The Oldest National Bank in the District
This week's vintage postcard depicts the extraordinary marble banking lobby of the National Metropolitan Bank at 613 15th Street NW, circa 1907, around the time the building was completed. The card boasts that the National Metropolitan is the "Oldest National Bank in the District of Columbia," having been organized in January 1814. The claim is a bit deceptive. The rival National Bank of Washington was actually five years older, having been established as the Bank of Washington in 1809. However the National Metropolitan Bank was reorganized in 1865 under the National Banking Act, and in 1907 it was the oldest national bank in DC. So there you have it.
(Author's collection.)
The Bank of the Metropolis, as it was originally called, opened for business in March 1814; its original building was the historic Rhodes Tavern at the southern end of this same block. Of course, 1814 was not an auspicious year to start a business in Washington. Only five months after the bank took up residence in Rhodes Tavern, the British arrived and methodically burned the public buildings of Washington. After they set the Treasury Department building and the White House on fire, they considered torching Rhodes Tavern as well. However a certain Sarah Sweeny, a “woman of reduced circumstances” who worked as a custodian for the bank, fended them off and saved the building. Sweeny was later awarded $100 by the bank “for her friendly agency in interceding with some British officers…to prevent the conflagration of the Banking House,” according to the Daily National Intelligencer. The bank went on to loan the government $100,000 to aid in rebuilding the public buildings of Washington destroyed by the British.

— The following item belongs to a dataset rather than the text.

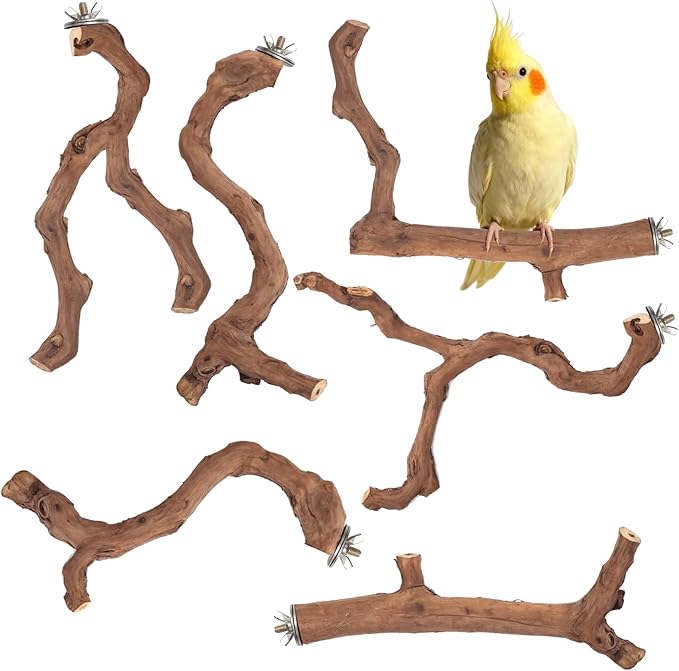 6-Piece Premium Bird Perch Stand with Natural Grape Wood Branch, Paw Grinding Fork, Chewing Stick, Cage Accessories for Parakeets, Budgies, Cockatiels, Finches, Lovebirds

An 1859 check from the Bank of the Metropolis (author's collection).
The 1907 National Metropolitan Bank building, circa 1910 (author's collection).

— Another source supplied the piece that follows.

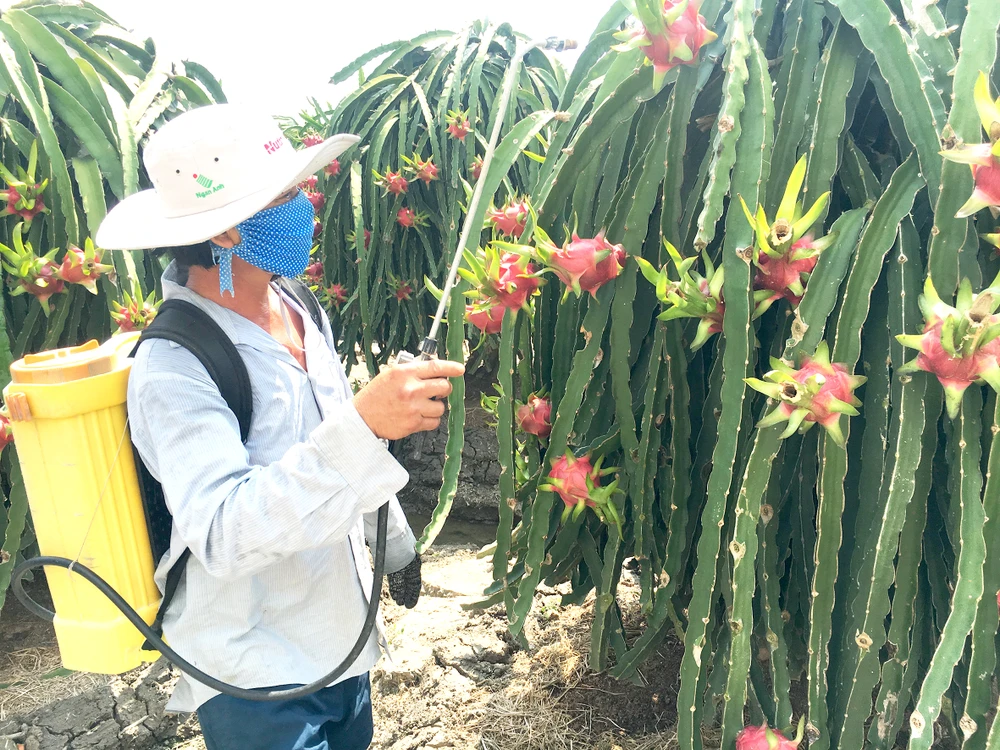 Để không còn “giải cứu” nông sản ảnh 1 Để không còn “giải cứu” nông sản ảnh 1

In 1836 the bank moved half way up the block to its final location at 613 15th Street NW, occupying another Federal style building not unlike Rhodes Tavern. That same year President Andrew Jackson made the bank the depository for federal funds after he refused to extend the charter of the Bank of the United States. The bank flourished here for many decades and through the ups and downs of prosperity and financial crises, being renamed and reorganized in 1865. Finally in 1907 its old building was torn down and replaced with an elegant and imposing Beaux Arts structure. The new building was designed by Washington architect B. Stanley Simmons (1871-1931). The Washington Times called it a "masterpiece of architectural art" when it was completed. The newspaper marveled at the grand banking lobby, two stories tall, finished "in bronze and marble with fine mahogany fittings," and crowned by a "magnificent domed skylight."
Check from the National Metropolitan Bank (author's collection).

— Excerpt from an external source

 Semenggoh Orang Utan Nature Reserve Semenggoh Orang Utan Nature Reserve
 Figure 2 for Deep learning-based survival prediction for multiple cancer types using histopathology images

Up the street at H Street NW, the new Union Trust Company building also went up in 1907 as did the Hibbs Building in the middle of that block. It all led the Times to christen 15th Street the "Wall Street of Washington." A financial panic that same year would eventually cool a little of the enthusiasm.
The facade of the National Metropolitan Bank (photo by the author).
The National Metropolitan Bank remained in business until 1958, when it merged with the American Security & Trust Company. Unfortunately, several years earlier the bank had undertaken a drastic remodeling and modernization of the grand banking lobby, destroying most of its ornate decor. Twenty years later the building was added to the National Register of Historic Places. The nomination form, completed by Don't Tear It Down (predecessor of the D.C. Preservation League) notes that the lobby had been altered and that "no documentary evidence remains to illustrate the original appearance of the interior, and the exact nature of the alterations is unknown." Too bad they didn't have this postcard to refer to!
I've previously told the story of how the Rhodes Tavern was lost and only the facades saved of the National Metropolitan Bank and the adjoining Keith-Albee Building, so I will not retell it here. Suffice it say that the grand facade of the bank survives, and its noble, neoclassical entrance now leads anticlimactically into the lobby of the Metropolitan Square office building.